Luisa was just 8 years old but she was well aware of the perils of emotional restlessness. She was standing at the door of Paty, our school counselor, a warm, caring grandmother with a PhD in psychology and a special way with children.
No school can do its job of educating youth without seriously taking student well-being into consideration. A heavy heart is rarely compatible with a focused mind. But, how can we reach the whole child? The exquisite complexity of human beings – and the overflowing of young ones at our schools – makes this a difficult task. At the same time, its relevance makes it impossible to dismiss.
Our school is far from perfect and there is still much to be done, but here are some of the things we do to promote happiness, well-being and health in our classrooms.
Create relationships. It seems obvious, but being able to form strong connections with our students is crucial. Only when there is a climate of trust will they be able to open up and let us in if they need help. Every child should have at least one adult at school that is close to him. Some years ago, I learned a strategy to make this happen. When there is a staff meeting at school and all teachers are reunited, write the name of each student in the school in a post-it. Display all post-its in a large wall. Give each teacher a colored felt pen, and ask them to mark their name in the post it of each student that they are particularly close to. Each kid should have at least one mark on her name. If that is not the case, find the children with no marks and make a plan to create the lacking connections. Very large schools could do this if they divide by sections.
Teacher’s well-being is important. Stress is contagious. If a teacher feels anxious, it will be almost impossible to keep a positive classroom environment. Schools are live, organic entities. If there is a problem somewhere, it will eventually hurt the whole system. Sean Bellamy, a UK based teacher and founder of Sands School, is currently working in partnership with The Well Being Project to develop strategies that support teachers’ well being in schools – he believes this to be a pre-requisite for quality teaching and learning. “The programme is still in its early stages” -he says. “And the people at The Well Being Project have been extremely helpful”. Sean’s forward-thinking TEDx talk about risk and the teenage brain is available at TEDx Talks YouTube Channel:
Mindfulness works. Back to our school counselor, Paty. Some years ago she began to have weekly mindfulness sessions with whole groups – especially those with troublesome issues, like bullying. She also works with teachers at our monthly staff meetings. The results have been encouraging. When issues are faced and treated, school climate improves, which decreases stress and improves well-being. The whole system thrives. But not all responsibility falls in the counselor. Teachers – and students need to learn the tools that will help them to self-regulate and de-stress.
Create a rich, stimulating and wide learning environment. No school day should be complete without daily exposure to arts and opportunities for physical movement. If possible, spend some time outside the classroom: sunlight is great for improving health – and mood.
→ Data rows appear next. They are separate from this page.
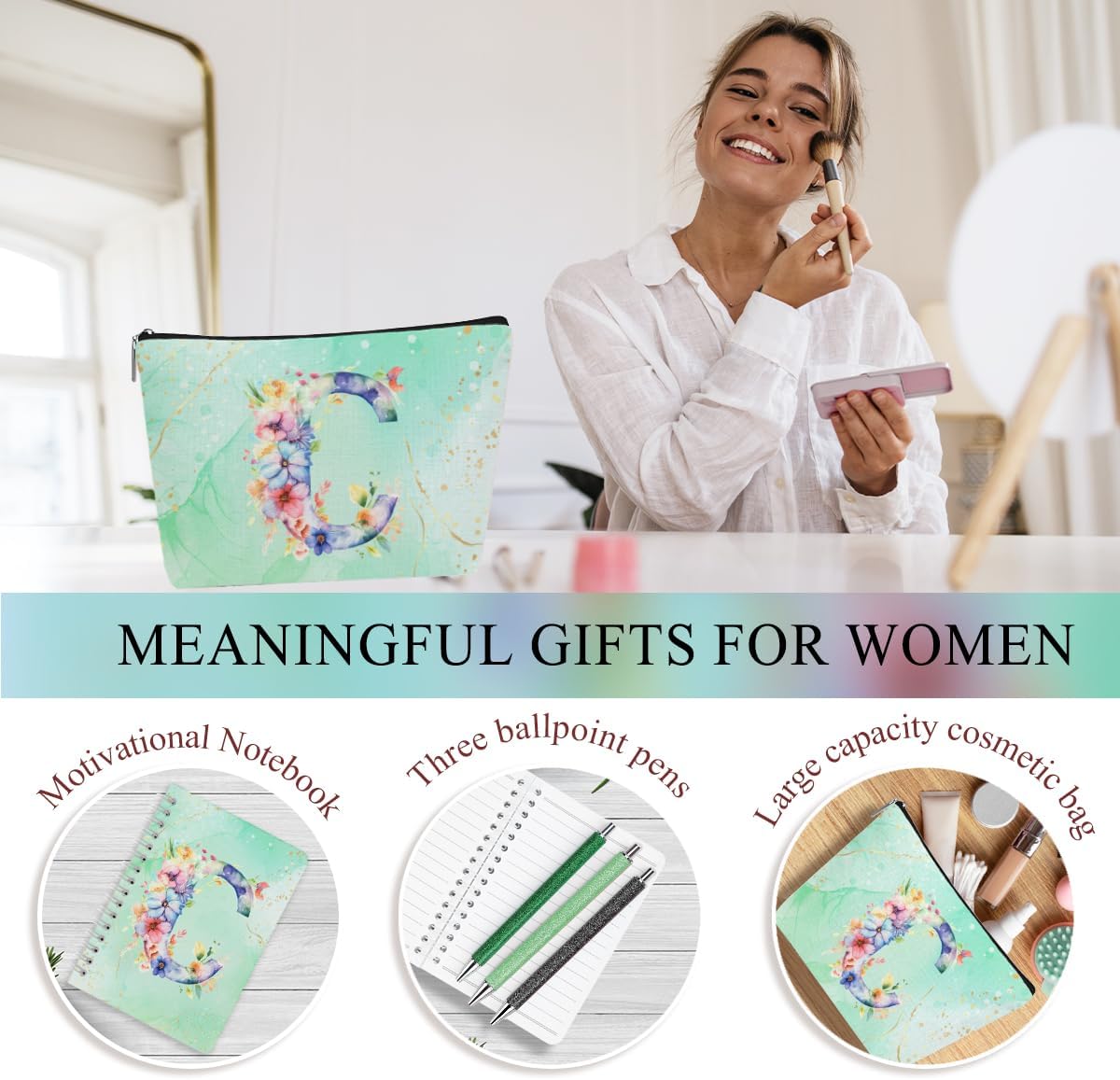 Personalized Gifts Monogrammed Birthday Gifts for Women, Cowerker Wife Sister Wedding Christmas Initial 20 oz Tumbler, Makeup Bag Cup Ballpoint Pens Journal Notebook 6 Set, (Aesthetic Green Flower C)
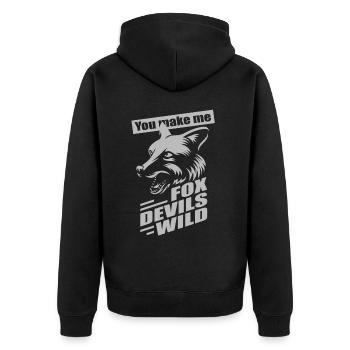 Fox Devils Wild FDW Fuchs Teufels Wild Denglisch - Unisex Premium Bio Zip Hoodie - Schwarz - Hinten - Nico (187cm)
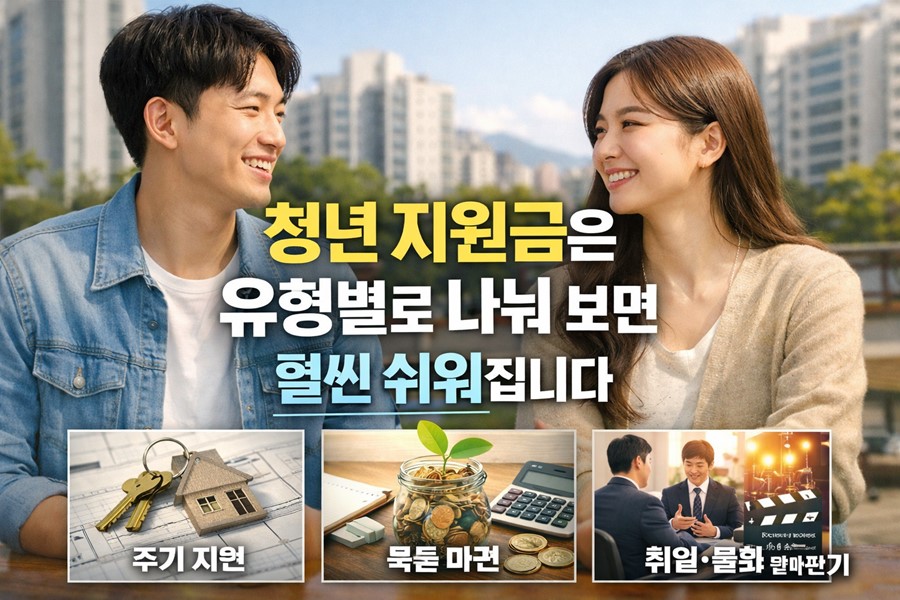 2026 청년 지원금을 주거, 자산형성, 취업, 문화 지원으로 나누어 한눈에 보여주는 안내 이미지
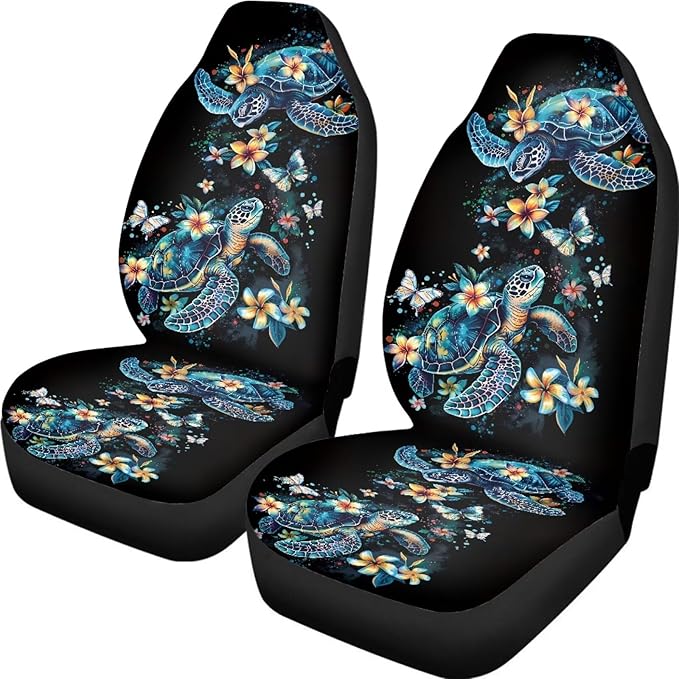 Car Seat Cover Set of 2 Car Seat Covers,Breathable Soft Bucket Seats High Back Seats Protector Cushion Universal Fit Most Vehicle Interior Set(Blue Sea Turtle with Fresh Flowers 51)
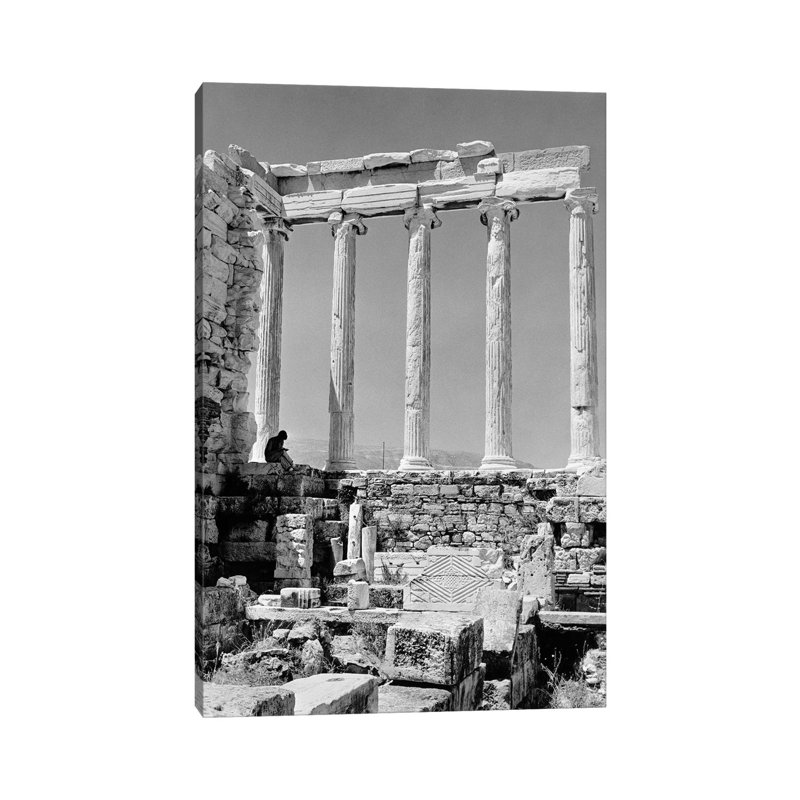 1960s Anonymous Book Reader Sitting Among Greek Columns Architecture Ruins Before Restoration Parthenon Athens Acropolis - Wrapped Canvas Print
Exciting lessons from passionate teachers will chase away boredom and inertia, so strive to create fun, engaging experiences – for everyone, including parents!
Happiness and well being can’t happen by decree – they are part of a very personal journey for each one of us. However, the environments we create and the relationships we build will have a definitive impact on the way we experience life. So let’s make the most of it, for us and for our children. They deserve no less.
As part of C.M. Rubin’s Top Global Teacher Bloggers, this is my response to this month’s question: How are you promoting well-being, health and happiness in your classrooms?